## Work to be completed
Could you print the full listing below, keeping each line identical?

## The records

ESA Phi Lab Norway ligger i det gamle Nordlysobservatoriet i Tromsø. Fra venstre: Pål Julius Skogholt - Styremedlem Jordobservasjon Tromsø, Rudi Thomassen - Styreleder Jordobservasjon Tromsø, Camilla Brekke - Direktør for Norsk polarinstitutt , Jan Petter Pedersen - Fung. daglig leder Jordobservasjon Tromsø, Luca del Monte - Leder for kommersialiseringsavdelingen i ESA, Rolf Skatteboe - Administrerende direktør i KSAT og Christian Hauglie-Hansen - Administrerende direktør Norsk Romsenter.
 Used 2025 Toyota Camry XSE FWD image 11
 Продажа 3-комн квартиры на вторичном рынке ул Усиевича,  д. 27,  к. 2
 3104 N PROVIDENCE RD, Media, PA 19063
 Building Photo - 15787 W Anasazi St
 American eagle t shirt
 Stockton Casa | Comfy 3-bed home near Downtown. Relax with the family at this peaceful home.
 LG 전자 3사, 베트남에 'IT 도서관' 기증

## Exercise answer
ESA Phi Lab Norway ligger i det gamle Nordlysobservatoriet i Tromsø. Fra venstre: Pål Julius Skogholt - Styremedlem Jordobservasjon Tromsø, Rudi Thomassen - Styreleder Jordobservasjon Tromsø, Camilla Brekke - Direktør for Norsk polarinstitutt , Jan Petter Pedersen - Fung. daglig leder Jordobservasjon Tromsø, Luca del Monte - Leder for kommersialiseringsavdelingen i ESA, Rolf Skatteboe - Administrerende direktør i KSAT og Christian Hauglie-Hansen - Administrerende direktør Norsk Romsenter.
 Used 2025 Toyota Camry XSE FWD image 11
 Продажа 3-комн квартиры на вторичном рынке ул Усиевича,  д. 27,  к. 2
 3104 N PROVIDENCE RD, Media, PA 19063
 Building Photo - 15787 W Anasazi St
 American eagle t shirt
 Stockton Casa | Comfy 3-bed home near Downtown. Relax with the family at this peaceful home.
 LG 전자 3사, 베트남에 'IT 도서관' 기증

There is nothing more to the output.